İkincisi, PETA veganizmin her derde deva bir zemzem olduğu izlenimini yaratmaktadır. Fakat, malum, veganlar da şişkolaşabilir, veganlar da kansere yakalanabilir. Her ne kadar tüm bu ve benzeri sağlık sorunlarına veganların yakalanma riski düşükse de, veganlık her derde deva bir kür olarak takdim edilmemelidir. Bu, sadece beklentileri yükseltmekle kalmaz, ayrıca, veganizmin yanlış anlaşılmasına yol açar.
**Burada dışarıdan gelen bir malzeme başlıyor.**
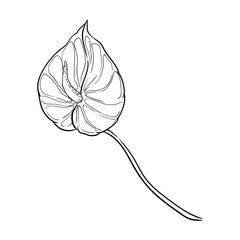 Calla lily or anthurium. Isolated hand drawn vector illustration.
Üçüncü ve en önemli sorun da, PETA kampanyalarının ABD'deki yeşil-korkuyu tamamıyla yok saymasıdır. Hayvan özgürlük mücadelesi, bu ve benzeri kampanyalarla yüzeyselleştirilmekte, politik özünden koparılmaktadır. Meselenin vehameti ve ciddiyeti de önemsizleştirilmektedir. PETA ve benzerlerine göre, hayvan özgürleşmesinin şartlarından biri "hayvanları sevmektir". Bu üstten bakan küstah yaklaşım, türcülüğün emarelerindendir.
Hayvan özgürlüğü mücadelesi, dünyadaki en zor mücadelelerden biridir. Zira, sadece bu harekette, uğruna savaştığınız bireyler, hareketin bir parçası değildirler (kadınların yer almadığı bir feminist hareket düşünebilir misiniz?).
Dahası, insanların açlığı gibi hem magazinsel hem duygusal olarak ağır bir çok mesele varken, hayvan özgürlüğüne öncelik vermek yanlış görünebilir. Hayvan hakları ve özgürlüğü örgütlerinin de, bu zorlu mücadelede, PETA örneğinde olduğu gibi, yanlışlar yapması beni şaşırtmıyor. Beni şaşırtan, PETA'nın bu yanlışı uzun yıllardır hala tekrarlamasıdır. (CB/ÇT)
(*): Bakınız: Can Başkent, "Türler ve Cinsler", Kibele Yayınları.